The Geopolitical Origins of Turkish-American Relations: Revisiting the Cold War Years

The Geopolitical Origins of Turkish-American Relations: Revisiting the Cold War Years

Critical geopolitics provides ways of looking at the world and questioning the role of geopolitics in foreign policymaking processes, as opposed to accepting them as objective and natural. From this theoretical perspective, this article aims to apply critical geopolitics to the case of Turkish-American relations with respect to how the United States (US) viewed Turkey’s geography and how the Turkey-US alliance has been shaped by the foreign and security policies of the latter. The article argues that the alliance was a product of the US’ Cold War geopolitical discourse, wherein the US considered Turkey to be a strategic ally against Soviet expansion.
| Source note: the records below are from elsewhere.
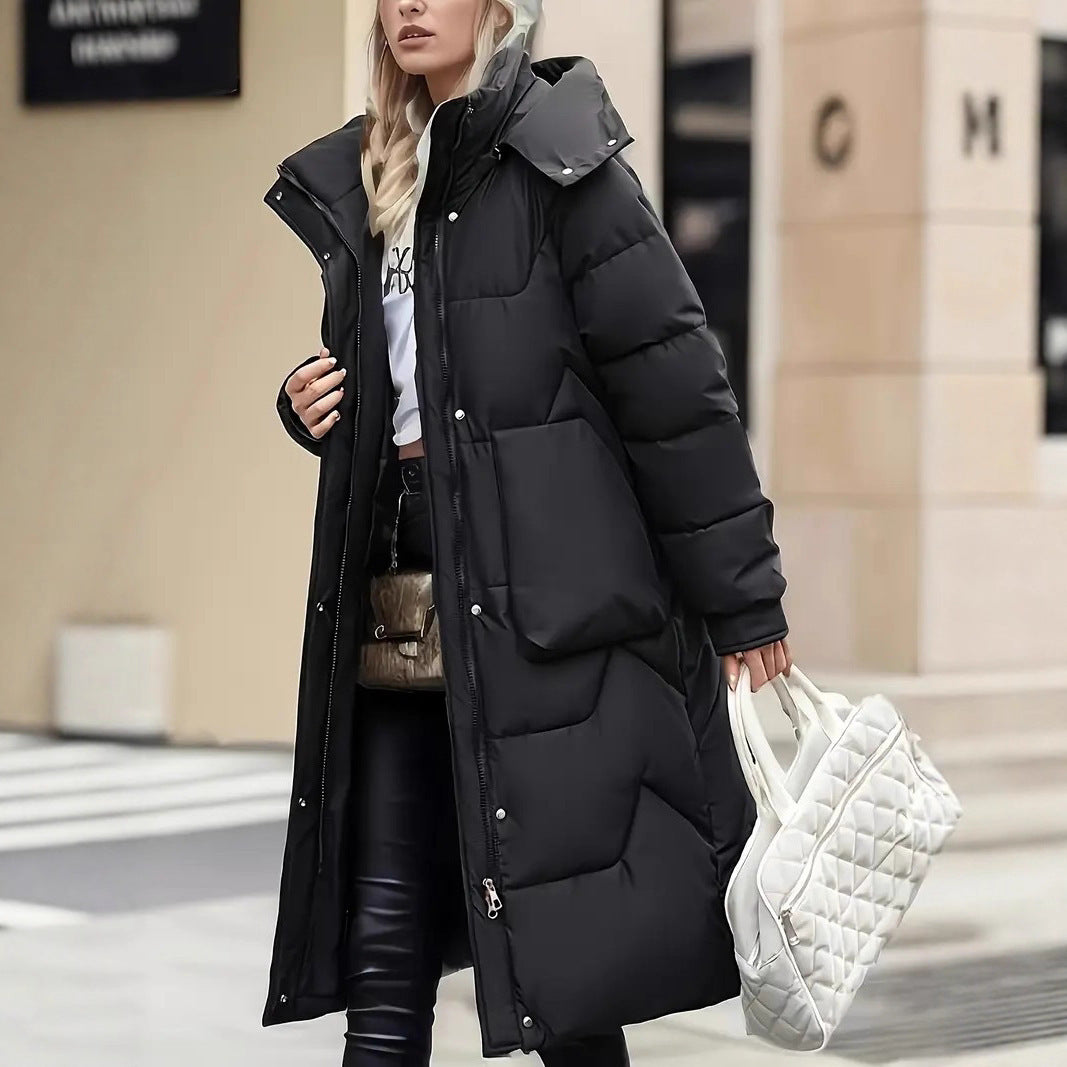 Unisex Regular Fit Coat Quilted with Hood and Multiple Pockets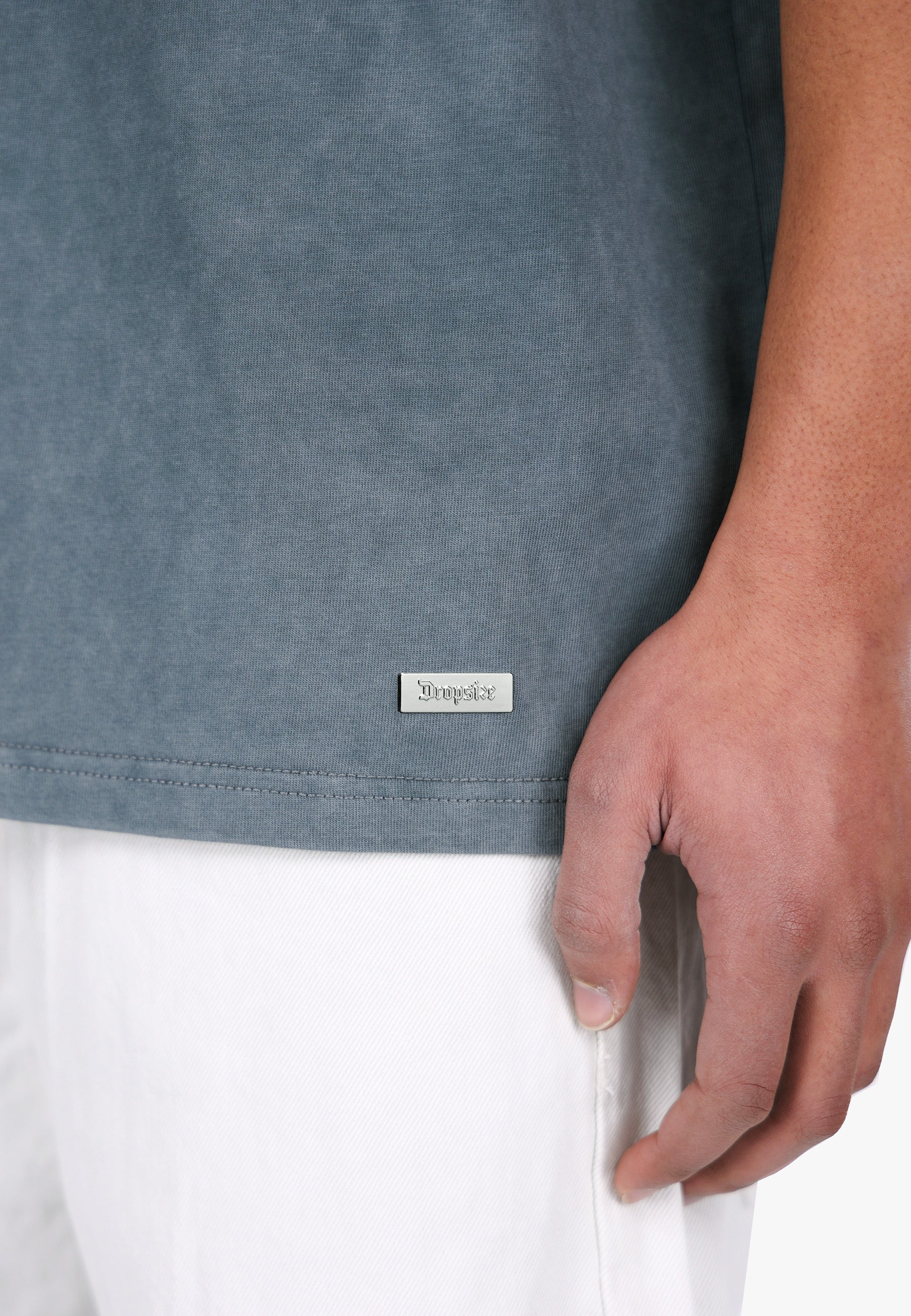 HEAVY OVERSIZE METAL PATCH T-SHIRT ACID WASHED GREY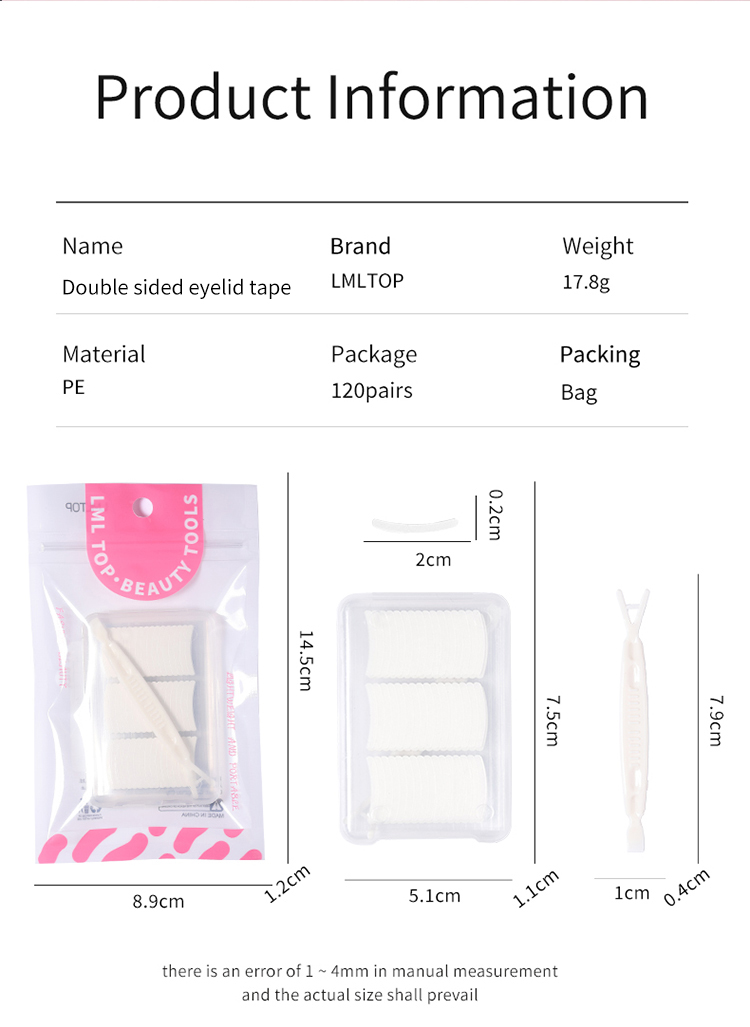 LMLTOP 120pairs Natural Skin Color Eyelid Tape Invisible Two-Sided Double Eyelid Tape A1057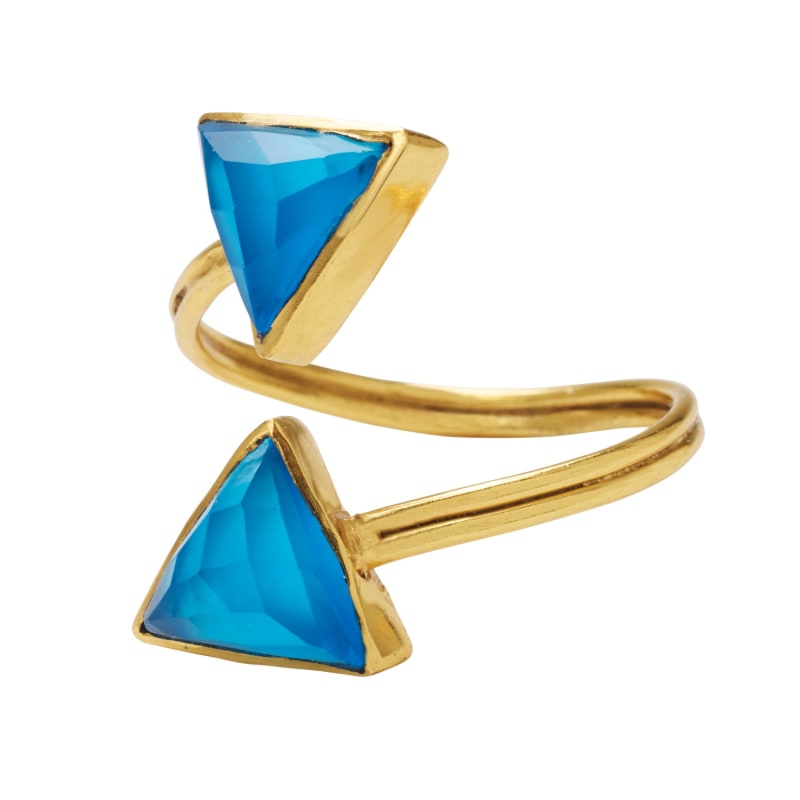 Thumbnail of Blue Ebien Gemstone Gold Adjustable Ring image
Thereafter, the declaration of the Truman Doctrine on March 12, 1947, led to increased US military ties with Turkey and became the basis for Turkey’s inclusion in NATO in 1952. As a consequence, Turkey began to be defined as the anchor of NATO’s strategic southern flank and a barrier against the communist threat in the Middle East and the Mediterranean throughout the Cold War. Turkey has also been a major recipient of American military equipment and was a supplier of important military facilities for monitoring the Soviet Union. The paper also argues that while Turkey generally fits within the US’ geopolitical designs and that these two countries cooperated on numerous efforts during the Cold War, the Cyprus problem in that period revealed the limits of US geopolitical discourse.